Work task ->
Go through the listing and write out all of it exactly.

Material for this task ->

---*---

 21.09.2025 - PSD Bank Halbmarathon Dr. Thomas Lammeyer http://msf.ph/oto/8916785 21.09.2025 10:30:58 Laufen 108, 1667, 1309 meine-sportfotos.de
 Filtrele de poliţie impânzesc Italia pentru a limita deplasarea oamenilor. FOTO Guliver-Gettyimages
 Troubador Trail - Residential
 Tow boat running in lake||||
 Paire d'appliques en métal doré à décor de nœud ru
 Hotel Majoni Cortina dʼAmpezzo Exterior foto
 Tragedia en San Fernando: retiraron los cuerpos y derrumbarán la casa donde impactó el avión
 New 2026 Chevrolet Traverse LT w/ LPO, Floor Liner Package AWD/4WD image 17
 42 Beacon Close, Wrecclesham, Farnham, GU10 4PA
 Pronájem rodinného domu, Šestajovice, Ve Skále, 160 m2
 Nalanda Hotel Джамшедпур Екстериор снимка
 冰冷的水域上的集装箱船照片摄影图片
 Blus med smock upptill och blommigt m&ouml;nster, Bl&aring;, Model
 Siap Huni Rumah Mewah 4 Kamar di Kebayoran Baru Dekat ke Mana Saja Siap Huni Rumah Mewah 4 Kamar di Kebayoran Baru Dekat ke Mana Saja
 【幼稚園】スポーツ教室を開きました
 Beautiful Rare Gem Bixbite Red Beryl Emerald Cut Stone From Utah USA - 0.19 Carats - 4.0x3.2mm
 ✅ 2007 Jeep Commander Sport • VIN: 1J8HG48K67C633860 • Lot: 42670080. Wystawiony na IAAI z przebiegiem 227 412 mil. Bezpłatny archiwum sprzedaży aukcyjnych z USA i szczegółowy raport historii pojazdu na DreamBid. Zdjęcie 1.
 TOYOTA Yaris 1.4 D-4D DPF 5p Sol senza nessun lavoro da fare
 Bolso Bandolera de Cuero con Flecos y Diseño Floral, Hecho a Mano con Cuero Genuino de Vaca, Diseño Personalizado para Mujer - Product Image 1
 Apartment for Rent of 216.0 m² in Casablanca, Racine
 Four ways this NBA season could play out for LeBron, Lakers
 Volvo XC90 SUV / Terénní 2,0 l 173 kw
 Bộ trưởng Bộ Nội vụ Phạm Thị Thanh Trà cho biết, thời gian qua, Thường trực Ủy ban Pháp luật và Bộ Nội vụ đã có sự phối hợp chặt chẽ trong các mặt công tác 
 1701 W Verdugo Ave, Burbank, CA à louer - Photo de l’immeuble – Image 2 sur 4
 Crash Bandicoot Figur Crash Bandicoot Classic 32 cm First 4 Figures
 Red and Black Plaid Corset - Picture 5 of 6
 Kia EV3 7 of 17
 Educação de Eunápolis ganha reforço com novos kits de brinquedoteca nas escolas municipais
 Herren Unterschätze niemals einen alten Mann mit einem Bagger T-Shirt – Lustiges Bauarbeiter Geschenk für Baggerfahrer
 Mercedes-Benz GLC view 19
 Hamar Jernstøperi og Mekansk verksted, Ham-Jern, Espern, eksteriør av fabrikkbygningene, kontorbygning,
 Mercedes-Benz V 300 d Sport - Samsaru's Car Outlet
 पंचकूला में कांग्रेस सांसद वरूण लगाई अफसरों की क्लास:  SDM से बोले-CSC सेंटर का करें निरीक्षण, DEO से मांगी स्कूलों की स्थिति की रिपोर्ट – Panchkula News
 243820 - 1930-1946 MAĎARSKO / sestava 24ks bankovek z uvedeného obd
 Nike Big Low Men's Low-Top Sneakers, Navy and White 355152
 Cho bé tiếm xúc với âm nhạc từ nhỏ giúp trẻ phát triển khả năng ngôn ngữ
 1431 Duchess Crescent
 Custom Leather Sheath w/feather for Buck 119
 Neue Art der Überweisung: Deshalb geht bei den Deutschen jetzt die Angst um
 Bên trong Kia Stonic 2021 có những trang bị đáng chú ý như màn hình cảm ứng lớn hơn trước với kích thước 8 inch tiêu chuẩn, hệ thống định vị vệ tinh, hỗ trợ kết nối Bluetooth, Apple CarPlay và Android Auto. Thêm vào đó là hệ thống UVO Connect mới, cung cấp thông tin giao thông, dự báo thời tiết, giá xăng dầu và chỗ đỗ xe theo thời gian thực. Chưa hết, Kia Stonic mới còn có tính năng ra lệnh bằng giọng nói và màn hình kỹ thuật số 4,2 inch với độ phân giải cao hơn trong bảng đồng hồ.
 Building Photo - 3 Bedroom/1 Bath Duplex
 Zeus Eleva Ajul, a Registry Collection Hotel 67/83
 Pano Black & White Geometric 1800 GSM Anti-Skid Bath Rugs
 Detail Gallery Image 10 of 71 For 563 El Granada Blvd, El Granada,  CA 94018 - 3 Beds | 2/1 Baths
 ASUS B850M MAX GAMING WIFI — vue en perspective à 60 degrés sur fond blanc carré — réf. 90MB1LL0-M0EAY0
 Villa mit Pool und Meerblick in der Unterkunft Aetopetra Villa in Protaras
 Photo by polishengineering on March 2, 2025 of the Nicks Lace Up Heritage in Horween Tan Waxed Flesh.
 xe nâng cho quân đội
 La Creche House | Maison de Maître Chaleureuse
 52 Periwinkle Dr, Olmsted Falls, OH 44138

---*---

Solution to this task ->
 21.09.2025 - PSD Bank Halbmarathon Dr. Thomas Lammeyer http://msf.ph/oto/8916785 21.09.2025 10:30:58 Laufen 108, 1667, 1309 meine-sportfotos.de
 Filtrele de poliţie impânzesc Italia pentru a limita deplasarea oamenilor. FOTO Guliver-Gettyimages
 Troubador Trail - Residential
 Tow boat running in lake||||
 Paire d'appliques en métal doré à décor de nœud ru
 Hotel Majoni Cortina dʼAmpezzo Exterior foto
 Tragedia en San Fernando: retiraron los cuerpos y derrumbarán la casa donde impactó el avión
 New 2026 Chevrolet Traverse LT w/ LPO, Floor Liner Package AWD/4WD image 17
 42 Beacon Close, Wrecclesham, Farnham, GU10 4PA
 Pronájem rodinného domu, Šestajovice, Ve Skále, 160 m2
 Nalanda Hotel Джамшедпур Екстериор снимка
 冰冷的水域上的集装箱船照片摄影图片
 Blus med smock upptill och blommigt m&ouml;nster, Bl&aring;, Model
 Siap Huni Rumah Mewah 4 Kamar di Kebayoran Baru Dekat ke Mana Saja Siap Huni Rumah Mewah 4 Kamar di Kebayoran Baru Dekat ke Mana Saja
 【幼稚園】スポーツ教室を開きました
 Beautiful Rare Gem Bixbite Red Beryl Emerald Cut Stone From Utah USA - 0.19 Carats - 4.0x3.2mm
 ✅ 2007 Jeep Commander Sport • VIN: 1J8HG48K67C633860 • Lot: 42670080. Wystawiony na IAAI z przebiegiem 227 412 mil. Bezpłatny archiwum sprzedaży aukcyjnych z USA i szczegółowy raport historii pojazdu na DreamBid. Zdjęcie 1.
 TOYOTA Yaris 1.4 D-4D DPF 5p Sol senza nessun lavoro da fare
 Bolso Bandolera de Cuero con Flecos y Diseño Floral, Hecho a Mano con Cuero Genuino de Vaca, Diseño Personalizado para Mujer - Product Image 1
 Apartment for Rent of 216.0 m² in Casablanca, Racine
 Four ways this NBA season could play out for LeBron, Lakers
 Volvo XC90 SUV / Terénní 2,0 l 173 kw
 Bộ trưởng Bộ Nội vụ Phạm Thị Thanh Trà cho biết, thời gian qua, Thường trực Ủy ban Pháp luật và Bộ Nội vụ đã có sự phối hợp chặt chẽ trong các mặt công tác 
 1701 W Verdugo Ave, Burbank, CA à louer - Photo de l’immeuble – Image 2 sur 4
 Crash Bandicoot Figur Crash Bandicoot Classic 32 cm First 4 Figures
 Red and Black Plaid Corset - Picture 5 of 6
 Kia EV3 7 of 17
 Educação de Eunápolis ganha reforço com novos kits de brinquedoteca nas escolas municipais
 Herren Unterschätze niemals einen alten Mann mit einem Bagger T-Shirt – Lustiges Bauarbeiter Geschenk für Baggerfahrer
 Mercedes-Benz GLC view 19
 Hamar Jernstøperi og Mekansk verksted, Ham-Jern, Espern, eksteriør av fabrikkbygningene, kontorbygning,
 Mercedes-Benz V 300 d Sport - Samsaru's Car Outlet
 पंचकूला में कांग्रेस सांसद वरूण लगाई अफसरों की क्लास:  SDM से बोले-CSC सेंटर का करें निरीक्षण, DEO से मांगी स्कूलों की स्थिति की रिपोर्ट – Panchkula News
 243820 - 1930-1946 MAĎARSKO / sestava 24ks bankovek z uvedeného obd
 Nike Big Low Men's Low-Top Sneakers, Navy and White 355152
 Cho bé tiếm xúc với âm nhạc từ nhỏ giúp trẻ phát triển khả năng ngôn ngữ
 1431 Duchess Crescent
 Custom Leather Sheath w/feather for Buck 119
 Neue Art der Überweisung: Deshalb geht bei den Deutschen jetzt die Angst um
 Bên trong Kia Stonic 2021 có những trang bị đáng chú ý như màn hình cảm ứng lớn hơn trước với kích thước 8 inch tiêu chuẩn, hệ thống định vị vệ tinh, hỗ trợ kết nối Bluetooth, Apple CarPlay và Android Auto. Thêm vào đó là hệ thống UVO Connect mới, cung cấp thông tin giao thông, dự báo thời tiết, giá xăng dầu và chỗ đỗ xe theo thời gian thực. Chưa hết, Kia Stonic mới còn có tính năng ra lệnh bằng giọng nói và màn hình kỹ thuật số 4,2 inch với độ phân giải cao hơn trong bảng đồng hồ.
 Building Photo - 3 Bedroom/1 Bath Duplex
 Zeus Eleva Ajul, a Registry Collection Hotel 67/83
 Pano Black & White Geometric 1800 GSM Anti-Skid Bath Rugs
 Detail Gallery Image 10 of 71 For 563 El Granada Blvd, El Granada,  CA 94018 - 3 Beds | 2/1 Baths
 ASUS B850M MAX GAMING WIFI — vue en perspective à 60 degrés sur fond blanc carré — réf. 90MB1LL0-M0EAY0
 Villa mit Pool und Meerblick in der Unterkunft Aetopetra Villa in Protaras
 Photo by polishengineering on March 2, 2025 of the Nicks Lace Up Heritage in Horween Tan Waxed Flesh.
 xe nâng cho quân đội
 La Creche House | Maison de Maître Chaleureuse
 52 Periwinkle Dr, Olmsted Falls, OH 44138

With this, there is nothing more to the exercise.